Observation data Epoch J2000 Equinox ICRS
- Constellation: Lynx
- Right ascension: 06^{h} 26^{m} 25.837^{s}
- Declination: +56° 17′ 06.35″
- Apparent magnitude (V): 5.53

Characteristics
- Evolutionary stage: Main sequence
- Spectral type: kA3hA7VmF2 + F0 V
- B−V color index: 0.238±0.013
- Variable type: Detached Algol

Astrometry
- Radial velocity (R_{v}): −12.03±0.04 km/s
- Proper motion (μ): RA: −26.232 mas/yr Dec.: +21.881 mas/yr
- Parallax (π): 12.4161±0.0918 mas
- Distance: 263 ± 2 ly (80.5 ± 0.6 pc)
- Absolute magnitude (M_{V}): 1.16

Orbit
- Period (P): 9.945080±0.000059 d
- Semi-major axis (a): 29.32±0.04 R_{☉}
- Eccentricity (e): 0.0793±0.0009
- Inclination (i): 87.45±0.11°
- Periastron epoch (T): 2,453,334,634±0.017 HJD
- Argument of periastron (ω) (secondary): 179.4±0.6°
- Semi-amplitude (K_{1}) (primary): 65.65±0.06 km/s
- Semi-amplitude (K_{2}) (secondary): 83.92±0.17 km/s

Details

Primary
- Mass: 1.939±0.007 M_{☉}
- Radius: 2.564±0.019 R_{☉}
- Luminosity: 21.6 L_{☉}
- Surface gravity (log g): 3.9078±0.0063 cgs
- Temperature: 7,770±200 K
- Rotational velocity (v sin i): 14.6±1 km/s
- Age: 1.08±0.15 Gyr

Secondary
- Mass: 1.510±0.003 M_{☉}
- Radius: 1.613±0.013 R_{☉}
- Luminosity: 6.23 L_{☉}
- Surface gravity (log g): 4.2017±0.0071 cgs
- Temperature: 7,180±200 K
- Rotational velocity (v sin i): 11.3±2 km/s
- Other designations: RR Lyn, BD+56°1125, FK5 2491, GC 8281, HD 44691, HIP 30651, HR 2291, SAO 25731, Boss 1607, Groom 1149

Database references
- SIMBAD: data

= RR Lyncis =

Variable star in the constellation Lynx

RR Lyncis is a star system in the northern constellation of Lynx, abbreviated RR Lyn.
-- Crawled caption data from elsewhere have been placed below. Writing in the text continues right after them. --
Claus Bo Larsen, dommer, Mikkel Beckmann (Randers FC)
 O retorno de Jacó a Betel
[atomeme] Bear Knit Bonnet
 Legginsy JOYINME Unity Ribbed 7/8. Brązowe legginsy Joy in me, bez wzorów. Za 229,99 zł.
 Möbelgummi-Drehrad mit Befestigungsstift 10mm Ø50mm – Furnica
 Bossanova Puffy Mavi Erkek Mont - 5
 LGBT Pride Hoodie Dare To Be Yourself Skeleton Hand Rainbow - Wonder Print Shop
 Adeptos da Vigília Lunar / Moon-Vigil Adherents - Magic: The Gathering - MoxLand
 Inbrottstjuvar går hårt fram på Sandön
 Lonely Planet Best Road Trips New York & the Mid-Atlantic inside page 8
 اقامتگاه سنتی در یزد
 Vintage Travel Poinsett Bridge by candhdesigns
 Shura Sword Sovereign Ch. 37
It is an eclipsing binary of the Algol type; one of the closest in the northern sky at an estimated distance of approximately 263 light years based on parallax measurements. The system is faintly visible to the naked eye with a combined apparent visual magnitude of 5.53. During the primary eclipse the brightness drops to 6.03, while it decreases to magnitude 5.90 with the secondary eclipse. The system is drifting closer to the Sun with a radial velocity of −12 km/s.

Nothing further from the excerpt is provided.